|Publication number||US5823538 A|
|Application number||US 08/944,079|
|Publication date||Oct 20, 1998|
|Filing date||Oct 4, 1997|
|Priority date||Feb 6, 1997|
|Also published as||CA2279915A1, EP1011828A1, EP1011828A4, US5704610, US5887874, WO1998034694A1|
|Publication number||08944079, 944079, US 5823538 A, US 5823538A, US-A-5823538, US5823538 A, US5823538A|
|Inventors||Adolph E. Goldfarb, Martin I. Goldfarb|
|Original Assignee||Adolph E. Goldfarb|
|Export Citation||BiBTeX, EndNote, RefMan|
|Patent Citations (5), Referenced by (3), Classifications (26), Legal Events (4)|
|External Links: USPTO, USPTO Assignment, Espacenet|
This application is a Continuation-in Part of U.S. application Ser.
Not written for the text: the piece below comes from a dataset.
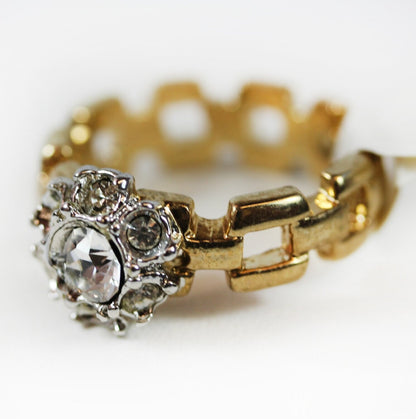 Unique Handcrafted 18kt Gold Plated Vintage Ring Swarovski Crystals Cluster Womans Antique Jewelry #R2865 Size: 9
No. 08/796,713 filed Feb. 6, 1997 in the name of the same inventors now U.S. Pat No. 5,704,610.
Games having a physical action component directed at the players.
Children love competitive action games that involve a degree of suspense and excitement. Often in such games, at some point an action occurs such as a light going on or a siren going off or something falling down. Children also enjoy participating in and causing the action and/or trying to prevent the action. There is further play value in having to react or do something once the action takes place.
The drawings illustrate several forms of the invention.
In one form, the game apparatus is so constructed and arranged as to require a desired portion of the player's body such as her face to be maintained in a player location or area in order for her to effectively play the game. At times dictated by the play of the game, the liquid or other discharge is directed to that player areas and thus at the player. The illustrated game apparatus has a housing with a front face. At least one elongated channel extends from the front face into the housing. Each channel has an open entrance at the front face and a visually observable display such as a light located a substantial distance down into the channel so that the player must align her line of sight with the channel to effectively see the condition (e.g., on or off) of the light. A discharge mechanism such as a spray nozzle operated by a pump is positioned on the front face adjacent to the channel entrance so that when a spray is discharged from the nozzle, it will necessarily strike the adjacent face of the player. In the play of the game, the lights sequentially go on and then off in a rapid but random or apparently random sequence. The player must closely follow the condition of the lights and take action as by depressing a button when a light comes on and before it goes off. Otherwise, the player receives a spray in the face.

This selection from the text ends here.